Extract from Land’s End

Howard was fascinated. He stood, his hands on his hips, a certain distance from the seated Indian but his eyes never left Singh’s dextrous hands. A long brownish coil moved in the basket and a small flick of a tail came from one end. Singh reached in, his arm extended, and held something out of sight. He was still humming. More coils appeared and the box fell away and rolled in the grass. Howard stepped back, but Singh had the head of the snake in his hand and was watching it face to face, as if he was about to start a conversation. The skin of the snake was darker over its head, but mostly it was darkish green and brown, the colour of muddy water.

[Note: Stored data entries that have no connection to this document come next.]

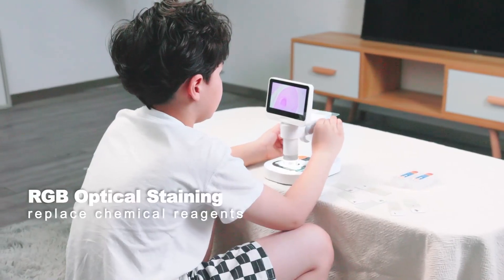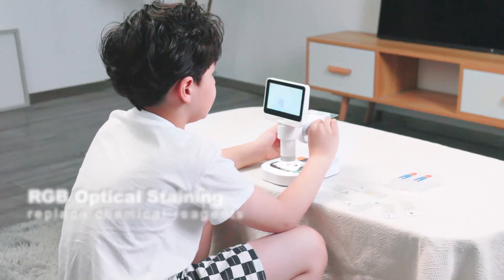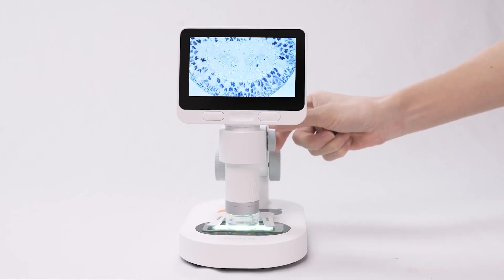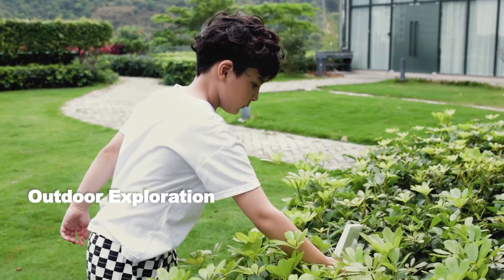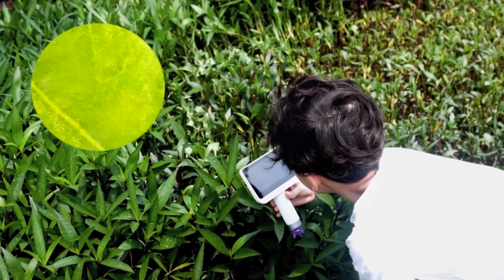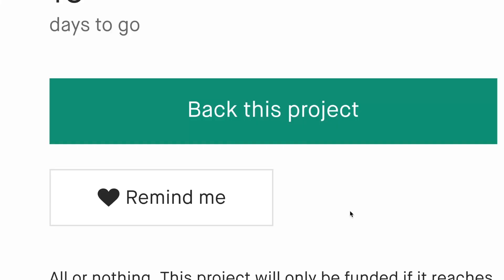Innovative RGB optical staining technology — rotate the knob to change different backlight colors. The compact single tube is palm-sized and detachable from the stand base, offering flexibility and convenience during exploration.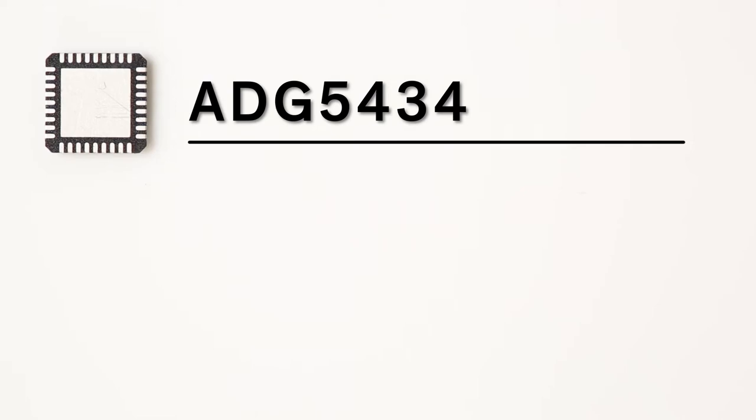Good morning and welcome to Coffee and Components. Today we'll be talking about a part from Analog Devices — it's a latch-up proof CMOS analog switch called the ADG5434. It has four independently selectable single pole double throw switches.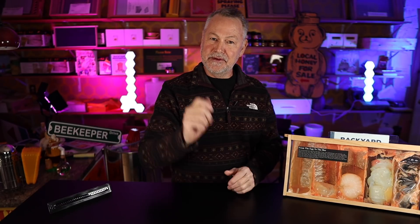What's up everybody? David Burns with you again, EAS Certified Master Beekeeper. Thank you for joining me for another beekeeping video. I appreciate it so much.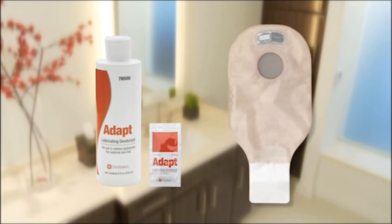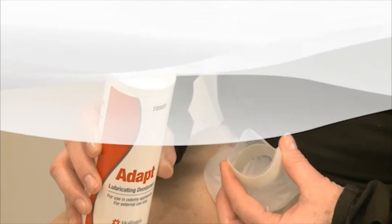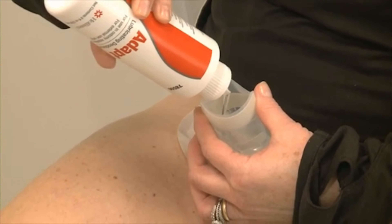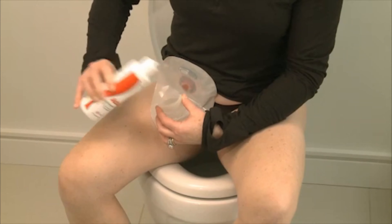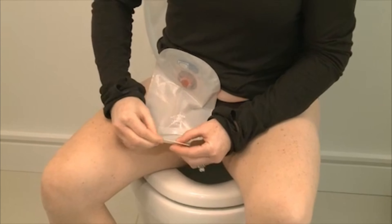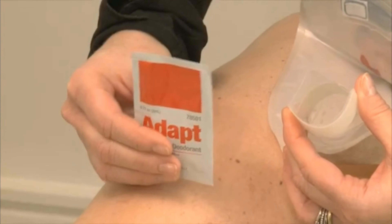To use Adapt Lubricating Deodorant, you will need to add about one teaspoonful to the inside of your ostomy pouch. Do not use less, or it will not be as effective.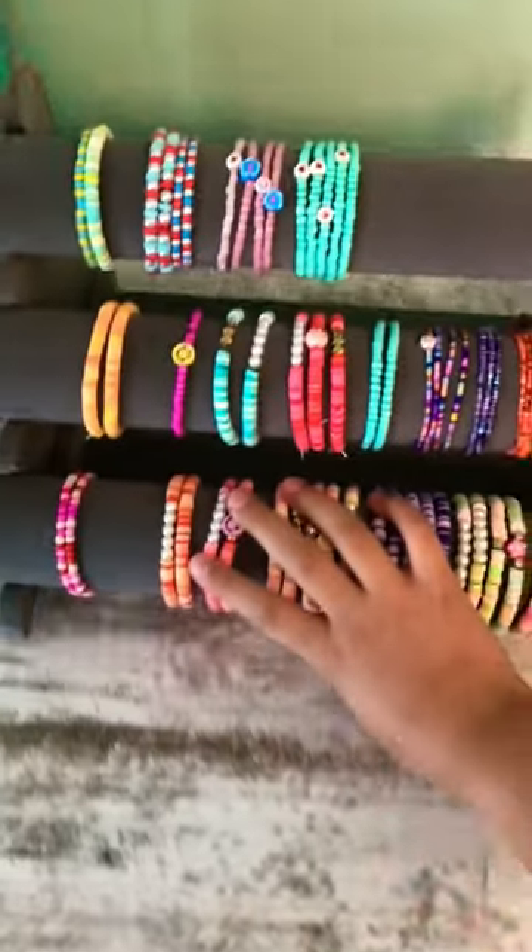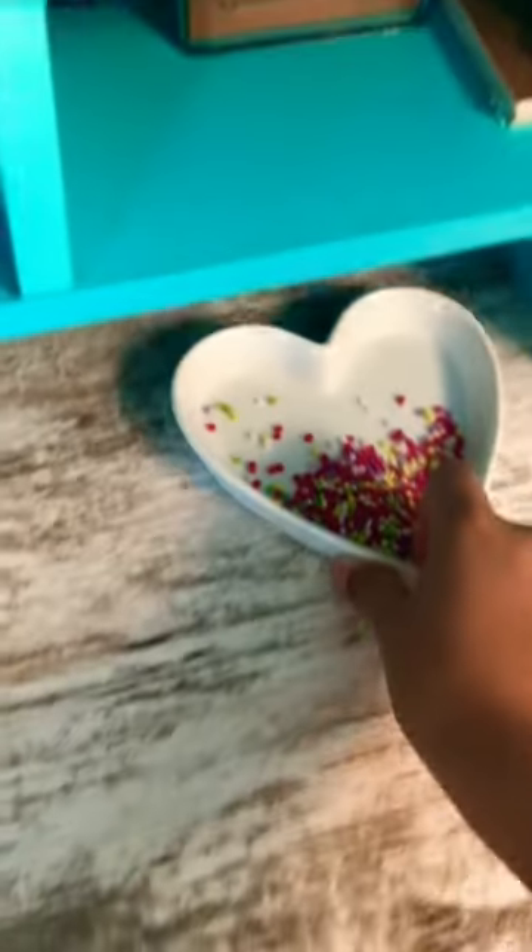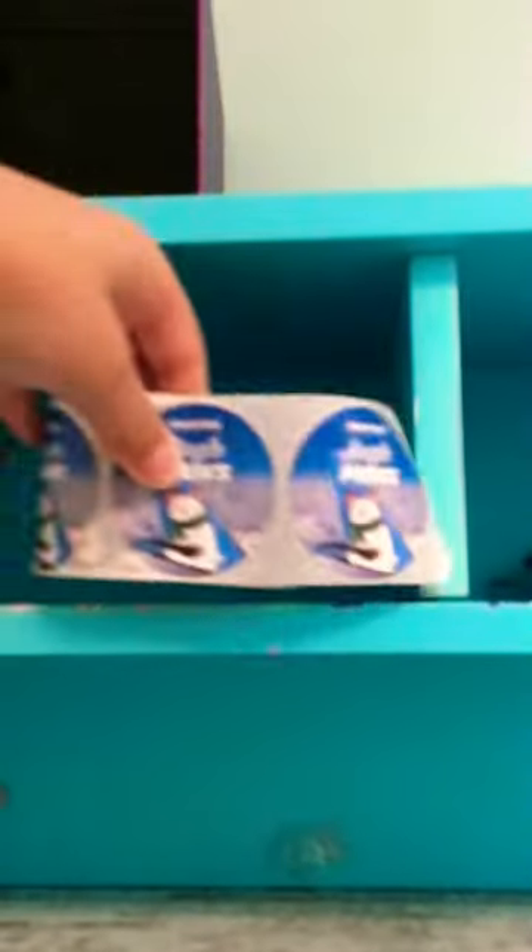Then packaging supplies here, our bracelet holder, a bead container, beads, and stickers for packaging.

Singh fed the snake into the netted enclosure and then started on the second basket which contained a shorter fatter snake. When both were in the net, hidden in the long grass, Singh took some of the rough meat from the bag and threw it in after the snakes.

Extract from Land’s End

The cold was alright, he thought, because at least he couldn’t feel that bad pain in his back and his torn ear. His mind was clear, he thought, in this new cold. But then he knew he was facing downward and he needed to breathe but he couldn’t remember how. His chest expanded and he took in an amount of water but this wasn’t good. He needed to roll so that his head was out. To feel for the bottom. His boots frantically twisted in the water but there was nothing to feel. He was out of his depth. His clothes were suddenly heavy, coarse. A flap of his jacket floated. He opened his eyes to bright sun and breathed. He was floating, moving with the slow tide. He breathed again and the clothes had billowed up around him, buoying him up. So he wasn’t sinking. But he would, he would.